May 1, 2019
Elaine M. Howle, CPA
California State Auditor
Bobby D. Cagle
RESPONSE TO THE CALIFORNIA STATE AUDITOR'S LOS ANGELES COUNTY DEPARTMENT OF CHILDREN AND FAMILY SERVICES AUDIT
Thank you for the opportunity to review the draft of the California State Auditor's audit of the Los Angeles County Department of Children and Family Services (DCFS).
We agree with the recommendations contained in the current report, and have already initiated corrective actions on the issues that were brought to our attention during the review process. My Department is committed to improving internal practices to ensure the health and safety of the children of Los Angeles County. We thank your staff for their professionalism and time in performing this review to help strengthen our operations.
If you have any questions or require additional information, please have your staff contact Onnie Williams III, Administrative Services Manager III, at (323) 881-1348.

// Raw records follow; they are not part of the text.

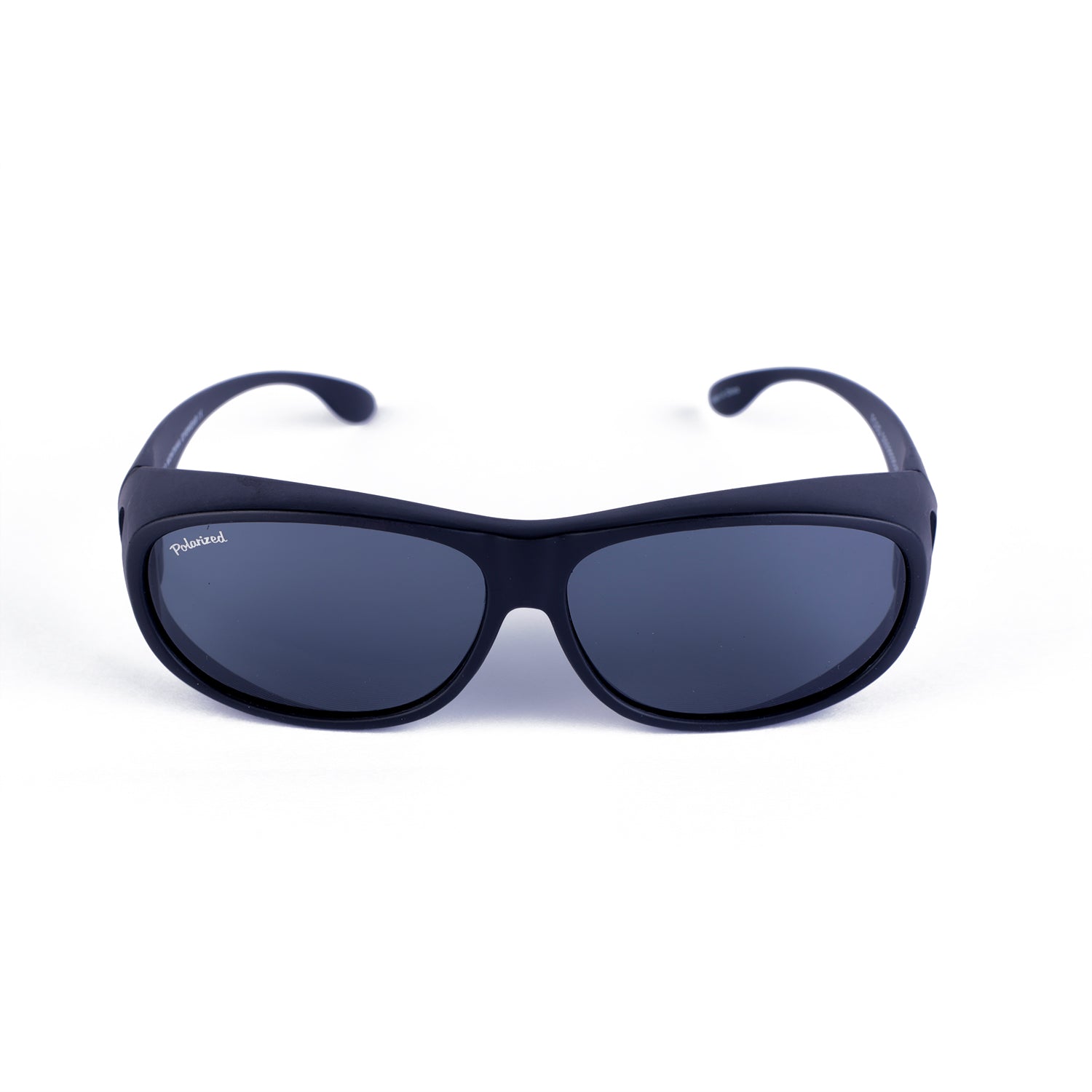 F03 - Solbriller med optisk plass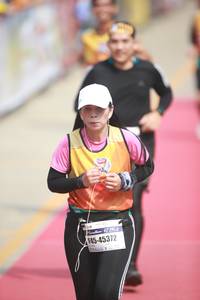 BIB: 121952, 45372
                            <button type="button" onclick="openModal(8239438)" class="btn btn-primary btn-sm float-right btn-popup" data-toggle="modal" data-target=".modal-high-quality">
                        <i class="fas fa-shopping-cart"></i> Add to Cart
                    </button>
                                            <button type="button" onclick="isThisMe(8239438, true)" class="btn btn-success btn-sm float-right btn-popup btn-isme hidden" data-toggle="tooltip" data-placement="bottom" title="นี่คือรูปของคุณใช่ไหม คลิกที่นี่เพื่อเอาเข้าอัลบั้ม">
                        <i class="fas fa-plus"></i> Add to album
                    </button>
                    <button type="button" onclick="isThisMe(8239438, false)" class="btn btn-warning btn-sm float-right btn-popup btn-isnotme hidden">
                        <i class="fas fa-ban"></i> Remove from album
                    </button>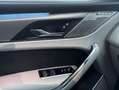 Jaguar F-Pace D300 AWD R-Dynamic SE 221 kW, 5-türig (Dies Gri - thumbnail 14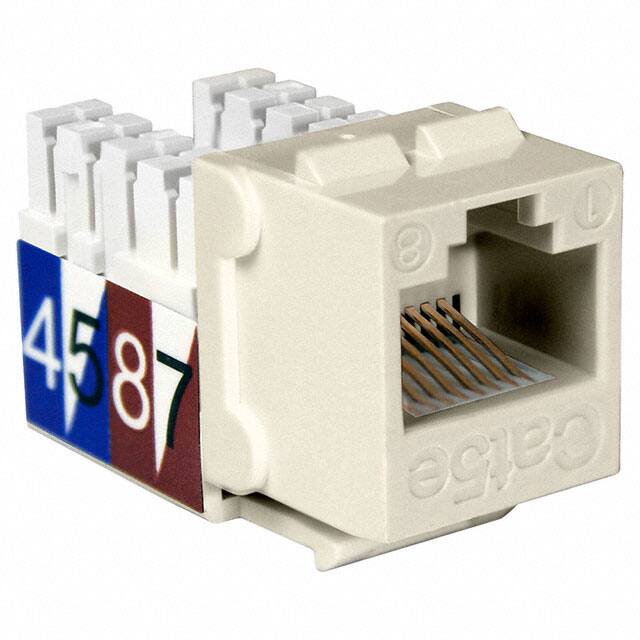 NKJ-5510Quest Technology International Inc.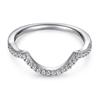 Tong Lin Europa y Estados Unidos moda transfronteriza nuevo s925 plata esterlina chapado oro 18K circón anillo de diamantes anillo de tres piezas para mujer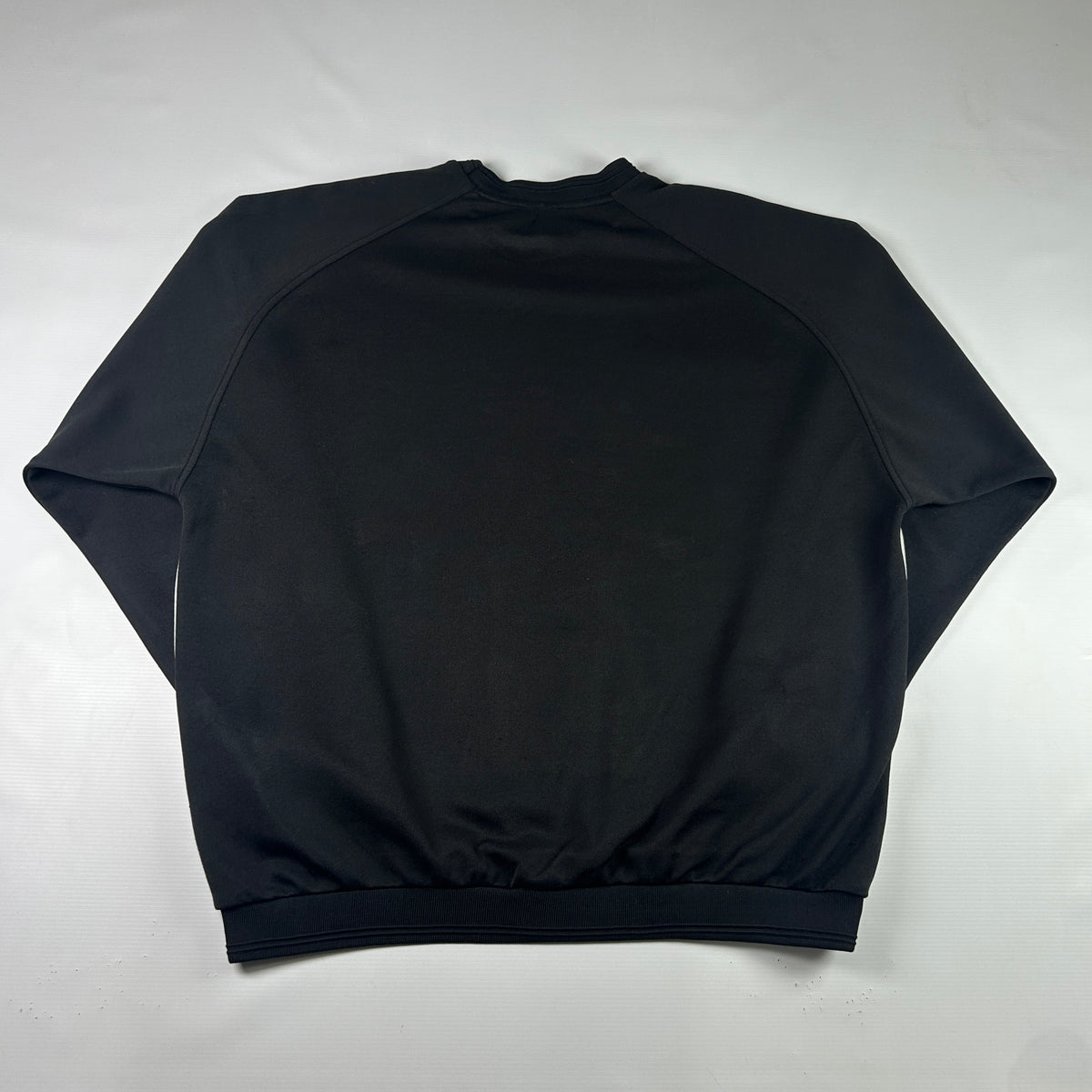 XL - Vintage 2000's Nike Sweatshirt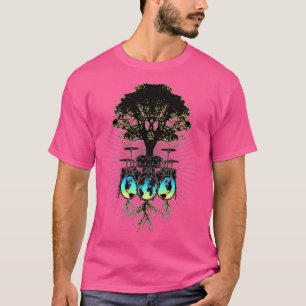 CAMISETA MUNDIAL BEAT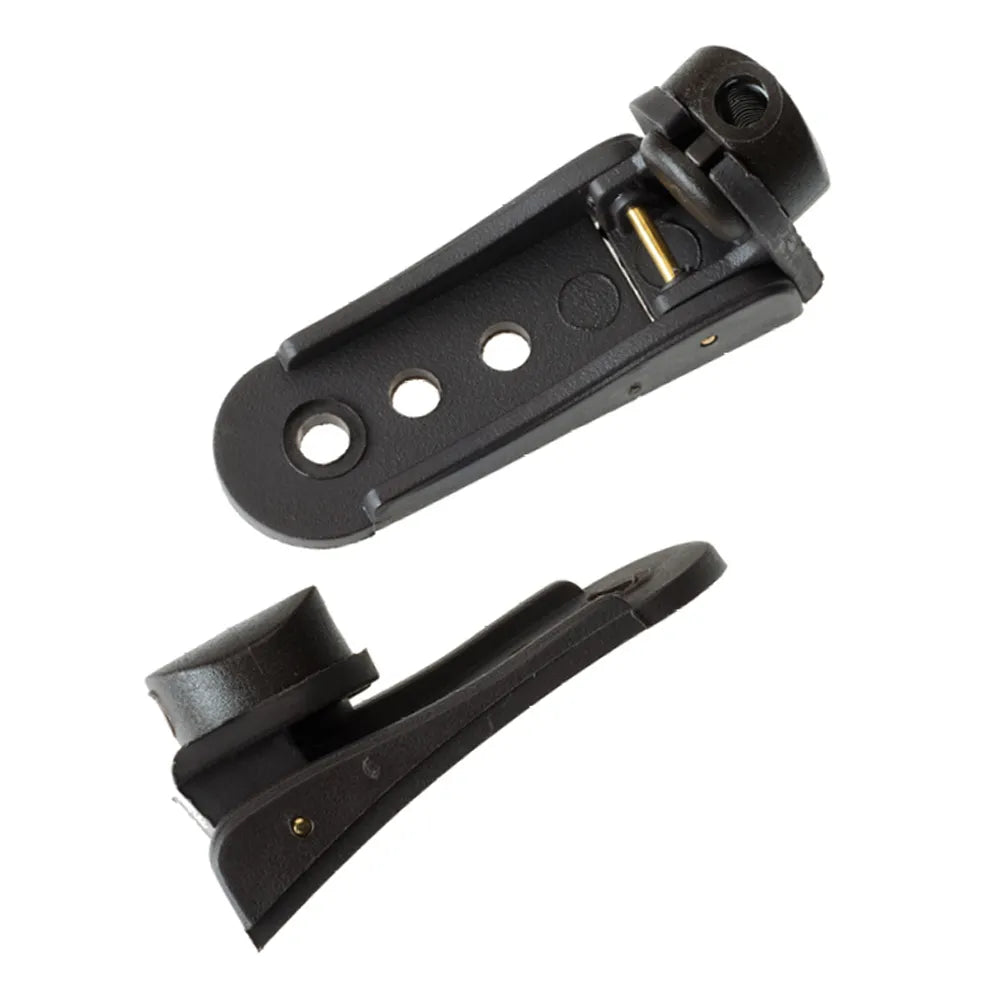 Kun End Member Collapsible Wide Viola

To ensure that it protects children by completing investigations, assessments, home inspections, and background checks in a timely manner, the Department should do the following by November 2019:
- Require staff and supervisors to utilize tracking reports and email alerts to identify investigations and Structured Decision Making (SDM) assessments not completed on time after these activities should have been completed. Establish thresholds for the number of days that will trigger follow-up from the department’s various levels of management.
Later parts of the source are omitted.